Panorama
Wolfsburg
Nicht nur spielt wieder Nina Hoss die Hauptrolle, auch die Crew ist größtenteils dieselbe wie bei "Toter Mann". Und auch das Skript und die Atmosphäre des nun wieder für die Kinoauswertung gedachten neuen Films von Christian Petzold erinnern an den für eine TV-Produktion vielbeachteten Vorgänger. Doch statt von Hitchcock scheint dieser Film von Kieslowski inspiriert zu sein.

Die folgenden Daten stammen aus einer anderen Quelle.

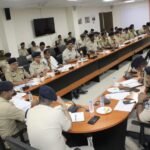 आगामी विधानसभा चुनाव के दौरान शांति व सुरक्षा व्यवस्था के मद्देनजर पुलिस आयुक्त ने राजपत्रित अधिकारियों व थाना प्रभारियों की बैठक ली 2 WhatsApp Image 2023 07 06 at 62802 AM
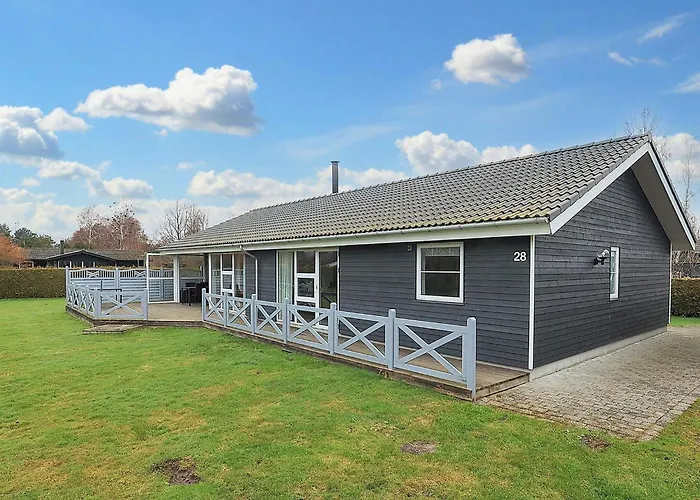 8 Person In Vaeggerlose-by Traum Ferienhaus Bøtø By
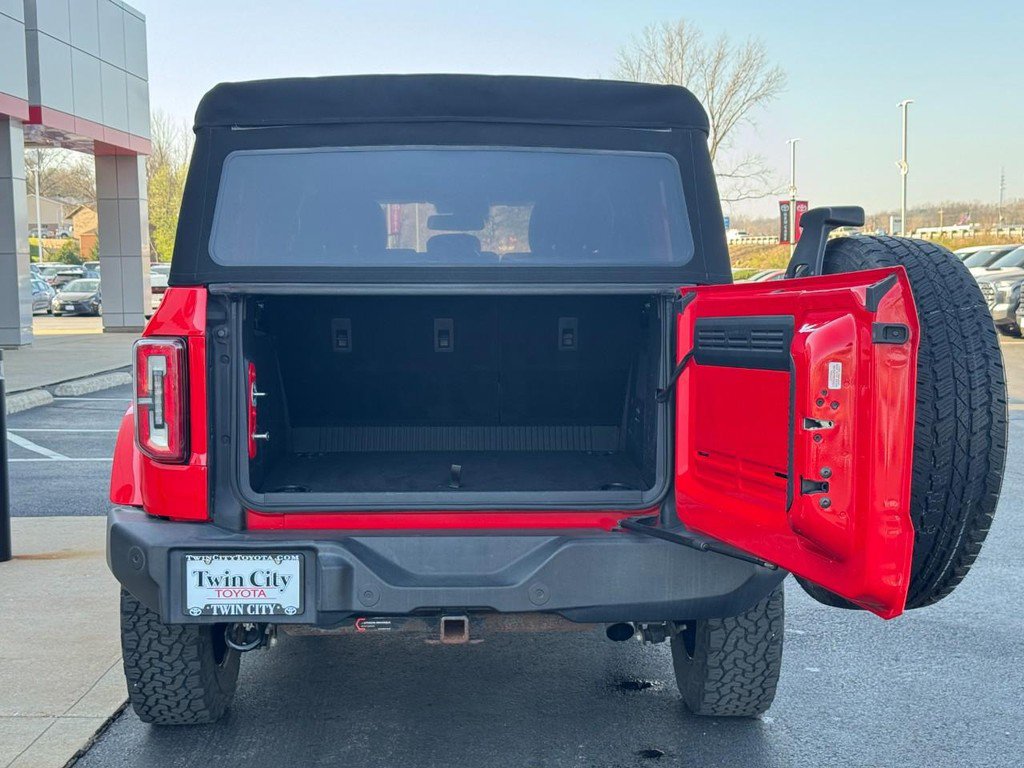 Used 2022 Ford Bronco Outer Banks image 4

Der Autoverkäufer Philipp streitet sich über Handy mit seiner Freundin. Dann fällt auch noch die Freisprechanlage vom Armaturenbrett und ehe er sich versieht, hat er einen Jungen auf seinem Fahrrad überfahren. Philipp begeht Fahrerflucht, entscheidet aber später, sich zu stellen. Doch wenn er halben Herzens mal bei der Polizei anruft oder gar das Krankenhaus aufsucht, kommt immer etwas dazwischen. und als er dann erfährt, daß sein "Opfer" nicht nur auf dem Weg der Besserung zu sein scheint, sondern das Unfallauto fälschlicherweise auch noch für einen Ford hält, kümmert er sich lieber um seine angeknackste Beziehung und reist mit Katja nach Kuba.
Doch kaum zurück, holt ihn die Vergangenheit auf, denn am Strassenrand steht nun ein Holzkreuz …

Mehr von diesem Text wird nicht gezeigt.